The researchers behind MemGPT founded Letta, a company building infrastructure for stateful AI agents. Letta came out of stealth on September 23, 2024, announcing a $10 million seed round led by Felicis at a reported $70 million valuation, with participation from Sunflower Capital and Essence VC and angel investors including Jeff Dean and Clement Delangue [2][3]. The founders, Charles Packer (CEO) and Sarah Wooders (CTO), met as PhD students in Berkeley's Sky Computing Lab under advisors Joseph Gonzalez and Ion Stoica, all of whom are authors on the MemGPT paper [3].
To resolve naming confusion, the team scoped the two names distinctly: MemGPT now refers to the original agent design pattern and memory architecture described in the paper, while Letta refers to the broader open-source framework and platform for building and deploying stateful agents [4]. Letta continues to maintain the MemGPT open-source repository. In the Letta framework, the paper's "working context" is exposed as core memory, organized into editable memory blocks that the agent rewrites with functions such as core_memory_append and core_memory_replace, alongside archival and recall memory [4]. Letta also ships an Agent Development Environment (ADE), a graphical interface for inspecting and editing an agent's memory state, tools, and message history.
A notable extension from the Letta team is sleep-time compute, introduced in an April 2025 paper. The idea is to run a background "sleep-time" agent that shares memory blocks with a primary agent and, during idle periods, reorganizes the agent's raw context into a more useful "learned context" before queries arrive. The authors report accuracy improvements of up to roughly 18% on certain reasoning benchmarks and about a 2.5 times reduction in cost per query, by shifting computation off the user's critical path [5].
MemGPT is closely related to retrieval-augmented generation (RAG) but differs in who controls retrieval and how state persists. In conventional RAG, an external pipeline retrieves passages relevant to a query and prepends them to the prompt; the LLM is a passive consumer and the retrieval policy is fixed. In MemGPT, the LLM is an active agent that decides when to search, what to store, and what to evict, issuing its own retrieval and memory-edit calls as functions. MemGPT can therefore make multiple, self-directed retrieval steps within a single interaction and can write new information back into its memory, giving it read-write rather than read-only access to external context [1].

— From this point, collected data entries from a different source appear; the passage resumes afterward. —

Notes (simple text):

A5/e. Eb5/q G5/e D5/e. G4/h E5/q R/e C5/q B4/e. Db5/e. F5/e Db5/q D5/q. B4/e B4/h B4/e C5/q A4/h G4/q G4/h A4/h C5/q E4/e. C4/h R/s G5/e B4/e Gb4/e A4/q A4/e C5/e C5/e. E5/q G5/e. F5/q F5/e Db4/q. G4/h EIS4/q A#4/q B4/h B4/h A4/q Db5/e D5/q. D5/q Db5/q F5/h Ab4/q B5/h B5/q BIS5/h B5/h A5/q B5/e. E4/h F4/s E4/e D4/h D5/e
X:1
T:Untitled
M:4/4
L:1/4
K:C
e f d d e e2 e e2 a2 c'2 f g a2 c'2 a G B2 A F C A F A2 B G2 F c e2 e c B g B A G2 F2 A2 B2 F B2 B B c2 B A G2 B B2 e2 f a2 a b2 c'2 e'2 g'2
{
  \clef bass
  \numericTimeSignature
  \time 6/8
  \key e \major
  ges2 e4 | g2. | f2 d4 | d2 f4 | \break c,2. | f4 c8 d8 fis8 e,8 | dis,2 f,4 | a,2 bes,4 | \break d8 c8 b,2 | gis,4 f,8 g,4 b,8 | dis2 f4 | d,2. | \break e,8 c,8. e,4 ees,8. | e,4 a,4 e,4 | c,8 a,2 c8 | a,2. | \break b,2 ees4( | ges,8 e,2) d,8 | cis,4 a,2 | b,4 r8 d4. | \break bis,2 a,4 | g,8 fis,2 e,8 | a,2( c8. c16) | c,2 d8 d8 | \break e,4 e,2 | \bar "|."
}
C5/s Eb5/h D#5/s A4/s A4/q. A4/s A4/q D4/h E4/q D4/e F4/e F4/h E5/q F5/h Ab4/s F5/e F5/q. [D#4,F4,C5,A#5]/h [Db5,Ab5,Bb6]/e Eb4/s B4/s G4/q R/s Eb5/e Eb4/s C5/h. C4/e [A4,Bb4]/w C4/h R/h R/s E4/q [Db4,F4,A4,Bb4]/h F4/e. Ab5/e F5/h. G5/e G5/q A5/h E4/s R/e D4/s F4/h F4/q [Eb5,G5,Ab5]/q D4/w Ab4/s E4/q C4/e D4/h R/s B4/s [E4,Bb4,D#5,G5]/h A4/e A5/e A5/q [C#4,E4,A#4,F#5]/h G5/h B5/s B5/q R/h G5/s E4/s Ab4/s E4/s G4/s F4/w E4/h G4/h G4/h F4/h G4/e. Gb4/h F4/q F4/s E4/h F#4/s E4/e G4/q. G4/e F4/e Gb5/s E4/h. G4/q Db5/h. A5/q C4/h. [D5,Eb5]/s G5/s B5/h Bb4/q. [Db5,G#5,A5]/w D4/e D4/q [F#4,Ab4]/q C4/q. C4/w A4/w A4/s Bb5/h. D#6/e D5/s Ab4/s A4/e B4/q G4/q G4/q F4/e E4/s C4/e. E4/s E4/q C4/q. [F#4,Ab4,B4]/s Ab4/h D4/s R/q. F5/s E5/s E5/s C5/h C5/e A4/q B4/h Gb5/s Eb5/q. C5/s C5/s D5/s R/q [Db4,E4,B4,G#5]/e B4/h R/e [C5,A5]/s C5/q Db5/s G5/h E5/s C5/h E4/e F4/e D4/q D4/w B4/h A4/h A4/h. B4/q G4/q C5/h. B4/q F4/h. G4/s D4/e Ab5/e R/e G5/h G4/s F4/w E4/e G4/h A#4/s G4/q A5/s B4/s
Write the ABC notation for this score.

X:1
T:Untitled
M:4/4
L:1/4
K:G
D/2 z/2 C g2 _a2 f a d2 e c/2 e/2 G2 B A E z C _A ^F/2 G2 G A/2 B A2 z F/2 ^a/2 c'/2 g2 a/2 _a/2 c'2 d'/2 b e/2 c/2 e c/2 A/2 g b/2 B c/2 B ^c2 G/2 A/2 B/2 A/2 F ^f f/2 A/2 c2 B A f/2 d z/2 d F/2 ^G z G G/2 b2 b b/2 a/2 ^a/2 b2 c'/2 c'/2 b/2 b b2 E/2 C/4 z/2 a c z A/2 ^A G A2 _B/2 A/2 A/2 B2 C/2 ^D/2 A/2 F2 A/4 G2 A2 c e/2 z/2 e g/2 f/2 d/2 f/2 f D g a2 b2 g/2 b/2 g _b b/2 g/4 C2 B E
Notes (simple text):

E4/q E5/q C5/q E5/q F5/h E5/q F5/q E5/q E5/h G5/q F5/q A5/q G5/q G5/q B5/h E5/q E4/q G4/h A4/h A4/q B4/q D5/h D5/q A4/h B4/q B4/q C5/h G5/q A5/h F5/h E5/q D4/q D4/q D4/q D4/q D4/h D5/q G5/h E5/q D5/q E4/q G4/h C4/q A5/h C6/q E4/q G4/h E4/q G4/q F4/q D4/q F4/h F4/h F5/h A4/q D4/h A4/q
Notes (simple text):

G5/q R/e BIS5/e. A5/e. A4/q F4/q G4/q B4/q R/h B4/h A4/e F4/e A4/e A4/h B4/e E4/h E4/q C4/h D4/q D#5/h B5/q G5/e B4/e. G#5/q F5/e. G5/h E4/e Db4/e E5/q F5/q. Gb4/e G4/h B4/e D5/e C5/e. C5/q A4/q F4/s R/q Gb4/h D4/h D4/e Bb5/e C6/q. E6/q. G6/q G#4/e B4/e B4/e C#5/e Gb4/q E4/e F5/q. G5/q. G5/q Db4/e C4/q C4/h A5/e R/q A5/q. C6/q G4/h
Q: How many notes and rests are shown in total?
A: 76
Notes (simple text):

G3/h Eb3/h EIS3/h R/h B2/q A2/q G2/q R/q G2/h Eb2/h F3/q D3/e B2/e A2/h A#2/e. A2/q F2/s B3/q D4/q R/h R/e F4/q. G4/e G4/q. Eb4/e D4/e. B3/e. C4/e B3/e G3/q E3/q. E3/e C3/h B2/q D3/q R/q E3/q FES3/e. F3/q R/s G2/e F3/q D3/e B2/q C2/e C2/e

This active, self-managed memory places MemGPT within the broader area of agent memory, the study of how AI agents accumulate, organize, and recall information across time. The MemGPT architecture, with its split between fast in-context working memory and slower external archival and recall stores, has become a widely referenced template for stateful agents and influenced subsequent memory frameworks. It complements rather than replaces longer context windows and RAG: a MemGPT-style agent can use a large window as its main context and a vector database as its external context while supplying the policy that decides how information flows between them.